Aside from the clash of personalities inevitably involved in a case of this sort, Professor Feild's concluding appointment is the result of a fundamental difference of opinion within the department. At present, overwhelming stress is laid on the historical and factual approach to the Fine Arts. Students are filled with names and dates, are taught to recognize famous pictures, to distinguish the works of one master from those of another. While there is a branch of the department devoted to design and actual drawing, it is isolated and disconnected from everything else, and no one seemingly knows why it exists or where it fits in with the rest.
The Fine Arts department thus fails to accomplish what should be its highest goal to teach a student the method by which he can judge art for himself, to show him the universal essentials which lie behind all art. The attainment of such a goal entails far less emphasis on facts and chronology--these become a means to an end rather than an end in themselves. It means greater stress on practical art and design; and more than this, a close integration of practical work and history. It means the coordination of art with other branches of knowledge. It means finally the demonstration of the connection between the Fine Arts and the present-day world. The arts would consequently cease to be beautiful expressions from a past period of history, and would become something of living significance.

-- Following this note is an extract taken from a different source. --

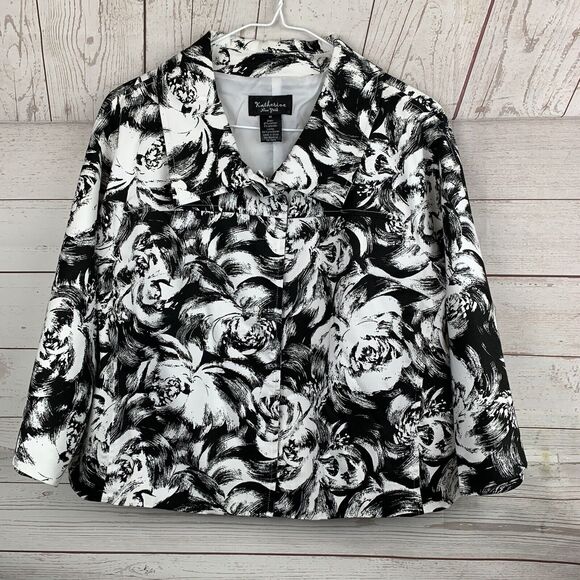 Katherine New York Black/White cropped button front jacket Medium - Picture 1 of 4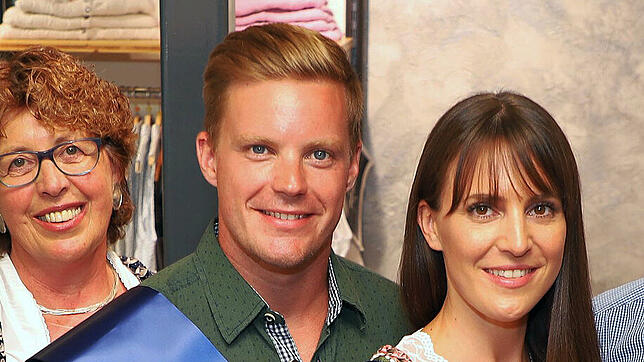 Das sind sie: Miss Oktoberfest Nelly Witt und Mister Oktoberfest Manuel Gächter bei der Einkleidung in der Trachtenscheune in Ernatsreute.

The introduction of such ideas would involve revolution in the Fine Arts department. It is this revolution of which Professor Feild is the tribune. But the revolution cannot come, and Feild must go because of Harvard's teacher-tenure and departmental-autonomy systems. By these, the committee of six permanent fine arts professors are entrusted with the final decision as to who shall teach under them. Thus they are able to choose their own successors, perpetuate their own ideas, prevent any change, and eliminate unwanted personalities. So long as they remain in control, the department will be static--as it was at its founding.
For the present, it is not necessary to revamp the whole system of appointments and tenure. It is only necessary for President Conant to act over the heads of the Fine Arts Six and reinstate Professor Feild. Although departmental autonomy may be desirable as a general rule, the president in exceptional circumstances is fully justified in exercising his prerogative of superior authority. Beyond this, it would be well for the Faculty Committee of Nine to undertake an investigation of the complete fine arts set-up, with a view toward evaluating the methods now used and those which might be introduced.
These steps: would prevent the commission of a grave injustice. They would forestall the loss of the most popular and successful teacher in Fine Arts. But beyond this, they would possibly lead to fundamental changes in the department which, in view of its unparalleled resources, would make Harvard one of the world's leading centers of art culture.